#### SOURCE DATA ####
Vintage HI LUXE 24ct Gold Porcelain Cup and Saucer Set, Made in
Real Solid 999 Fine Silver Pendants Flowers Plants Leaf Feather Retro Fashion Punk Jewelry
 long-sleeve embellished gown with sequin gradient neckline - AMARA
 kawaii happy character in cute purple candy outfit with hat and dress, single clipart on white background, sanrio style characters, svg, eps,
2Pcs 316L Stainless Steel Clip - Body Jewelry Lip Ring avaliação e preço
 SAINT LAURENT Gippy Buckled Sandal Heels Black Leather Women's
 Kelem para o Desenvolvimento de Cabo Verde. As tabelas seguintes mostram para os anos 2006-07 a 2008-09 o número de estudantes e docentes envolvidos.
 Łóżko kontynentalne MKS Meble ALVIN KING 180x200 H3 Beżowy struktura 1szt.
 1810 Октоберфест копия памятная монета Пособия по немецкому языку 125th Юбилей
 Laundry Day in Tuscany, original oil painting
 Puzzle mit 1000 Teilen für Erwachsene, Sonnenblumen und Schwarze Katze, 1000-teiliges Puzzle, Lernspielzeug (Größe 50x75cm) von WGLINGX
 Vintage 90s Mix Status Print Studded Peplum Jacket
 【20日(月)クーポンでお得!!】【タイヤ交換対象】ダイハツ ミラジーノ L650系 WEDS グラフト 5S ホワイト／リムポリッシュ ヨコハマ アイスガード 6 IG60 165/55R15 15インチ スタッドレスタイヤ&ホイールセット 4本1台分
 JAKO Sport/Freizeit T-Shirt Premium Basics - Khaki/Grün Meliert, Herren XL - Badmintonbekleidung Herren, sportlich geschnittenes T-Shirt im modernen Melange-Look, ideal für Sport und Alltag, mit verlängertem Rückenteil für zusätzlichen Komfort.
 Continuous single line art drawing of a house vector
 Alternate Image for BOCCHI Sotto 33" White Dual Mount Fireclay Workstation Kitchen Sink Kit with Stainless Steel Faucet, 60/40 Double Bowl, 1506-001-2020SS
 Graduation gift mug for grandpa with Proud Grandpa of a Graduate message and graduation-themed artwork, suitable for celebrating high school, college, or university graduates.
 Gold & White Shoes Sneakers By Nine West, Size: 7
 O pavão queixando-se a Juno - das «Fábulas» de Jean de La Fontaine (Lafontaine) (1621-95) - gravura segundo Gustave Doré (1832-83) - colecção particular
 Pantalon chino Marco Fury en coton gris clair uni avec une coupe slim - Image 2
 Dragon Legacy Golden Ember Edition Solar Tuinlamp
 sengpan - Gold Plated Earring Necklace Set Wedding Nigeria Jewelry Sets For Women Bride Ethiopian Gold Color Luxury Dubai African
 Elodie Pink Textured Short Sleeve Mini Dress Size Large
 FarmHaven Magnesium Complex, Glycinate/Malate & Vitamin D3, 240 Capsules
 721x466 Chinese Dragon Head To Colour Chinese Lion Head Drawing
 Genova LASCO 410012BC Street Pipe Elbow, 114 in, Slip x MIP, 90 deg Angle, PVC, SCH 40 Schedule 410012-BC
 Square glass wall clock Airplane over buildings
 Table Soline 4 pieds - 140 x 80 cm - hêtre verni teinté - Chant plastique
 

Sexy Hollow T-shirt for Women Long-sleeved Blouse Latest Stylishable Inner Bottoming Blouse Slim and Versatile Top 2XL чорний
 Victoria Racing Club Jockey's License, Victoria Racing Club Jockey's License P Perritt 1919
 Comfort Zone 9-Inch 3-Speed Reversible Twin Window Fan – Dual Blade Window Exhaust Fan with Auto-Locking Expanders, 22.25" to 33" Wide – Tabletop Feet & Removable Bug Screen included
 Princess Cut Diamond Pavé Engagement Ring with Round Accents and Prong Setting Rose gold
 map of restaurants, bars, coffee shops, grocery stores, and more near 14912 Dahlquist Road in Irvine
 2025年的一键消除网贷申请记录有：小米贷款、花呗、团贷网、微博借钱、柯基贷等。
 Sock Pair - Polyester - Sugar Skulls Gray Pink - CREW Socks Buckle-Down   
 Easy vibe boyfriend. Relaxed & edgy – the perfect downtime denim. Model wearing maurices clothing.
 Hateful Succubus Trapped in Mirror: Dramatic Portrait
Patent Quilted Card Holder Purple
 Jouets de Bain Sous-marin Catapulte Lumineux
####
## [ACTIVITY]
The records above are to be given again in full, word for word.

## [FINAL ANSWER]
Vintage HI LUXE 24ct Gold Porcelain Cup and Saucer Set, Made in
Real Solid 999 Fine Silver Pendants Flowers Plants Leaf Feather Retro Fashion Punk Jewelry
 long-sleeve embellished gown with sequin gradient neckline - AMARA
 kawaii happy character in cute purple candy outfit with hat and dress, single clipart on white background, sanrio style characters, svg, eps,
2Pcs 316L Stainless Steel Clip - Body Jewelry Lip Ring avaliação e preço
 SAINT LAURENT Gippy Buckled Sandal Heels Black Leather Women's
 Kelem para o Desenvolvimento de Cabo Verde. As tabelas seguintes mostram para os anos 2006-07 a 2008-09 o número de estudantes e docentes envolvidos.
 Łóżko kontynentalne MKS Meble ALVIN KING 180x200 H3 Beżowy struktura 1szt.
 1810 Октоберфест копия памятная монета Пособия по немецкому языку 125th Юбилей
 Laundry Day in Tuscany, original oil painting
 Puzzle mit 1000 Teilen für Erwachsene, Sonnenblumen und Schwarze Katze, 1000-teiliges Puzzle, Lernspielzeug (Größe 50x75cm) von WGLINGX
 Vintage 90s Mix Status Print Studded Peplum Jacket
 【20日(月)クーポンでお得!!】【タイヤ交換対象】ダイハツ ミラジーノ L650系 WEDS グラフト 5S ホワイト／リムポリッシュ ヨコハマ アイスガード 6 IG60 165/55R15 15インチ スタッドレスタイヤ&ホイールセット 4本1台分
 JAKO Sport/Freizeit T-Shirt Premium Basics - Khaki/Grün Meliert, Herren XL - Badmintonbekleidung Herren, sportlich geschnittenes T-Shirt im modernen Melange-Look, ideal für Sport und Alltag, mit verlängertem Rückenteil für zusätzlichen Komfort.
 Continuous single line art drawing of a house vector
 Alternate Image for BOCCHI Sotto 33" White Dual Mount Fireclay Workstation Kitchen Sink Kit with Stainless Steel Faucet, 60/40 Double Bowl, 1506-001-2020SS
 Graduation gift mug for grandpa with Proud Grandpa of a Graduate message and graduation-themed artwork, suitable for celebrating high school, college, or university graduates.
 Gold & White Shoes Sneakers By Nine West, Size: 7
 O pavão queixando-se a Juno - das «Fábulas» de Jean de La Fontaine (Lafontaine) (1621-95) - gravura segundo Gustave Doré (1832-83) - colecção particular
 Pantalon chino Marco Fury en coton gris clair uni avec une coupe slim - Image 2
 Dragon Legacy Golden Ember Edition Solar Tuinlamp
 sengpan - Gold Plated Earring Necklace Set Wedding Nigeria Jewelry Sets For Women Bride Ethiopian Gold Color Luxury Dubai African
 Elodie Pink Textured Short Sleeve Mini Dress Size Large
 FarmHaven Magnesium Complex, Glycinate/Malate & Vitamin D3, 240 Capsules
 721x466 Chinese Dragon Head To Colour Chinese Lion Head Drawing
 Genova LASCO 410012BC Street Pipe Elbow, 114 in, Slip x MIP, 90 deg Angle, PVC, SCH 40 Schedule 410012-BC
 Square glass wall clock Airplane over buildings
 Table Soline 4 pieds - 140 x 80 cm - hêtre verni teinté - Chant plastique
 

Sexy Hollow T-shirt for Women Long-sleeved Blouse Latest Stylishable Inner Bottoming Blouse Slim and Versatile Top 2XL чорний
 Victoria Racing Club Jockey's License, Victoria Racing Club Jockey's License P Perritt 1919
 Comfort Zone 9-Inch 3-Speed Reversible Twin Window Fan – Dual Blade Window Exhaust Fan with Auto-Locking Expanders, 22.25" to 33" Wide – Tabletop Feet & Removable Bug Screen included
 Princess Cut Diamond Pavé Engagement Ring with Round Accents and Prong Setting Rose gold
 map of restaurants, bars, coffee shops, grocery stores, and more near 14912 Dahlquist Road in Irvine
 2025年的一键消除网贷申请记录有：小米贷款、花呗、团贷网、微博借钱、柯基贷等。
 Sock Pair - Polyester - Sugar Skulls Gray Pink - CREW Socks Buckle-Down   
 Easy vibe boyfriend. Relaxed & edgy – the perfect downtime denim. Model wearing maurices clothing.
 Hateful Succubus Trapped in Mirror: Dramatic Portrait
Patent Quilted Card Holder Purple
 Jouets de Bain Sous-marin Catapulte Lumineux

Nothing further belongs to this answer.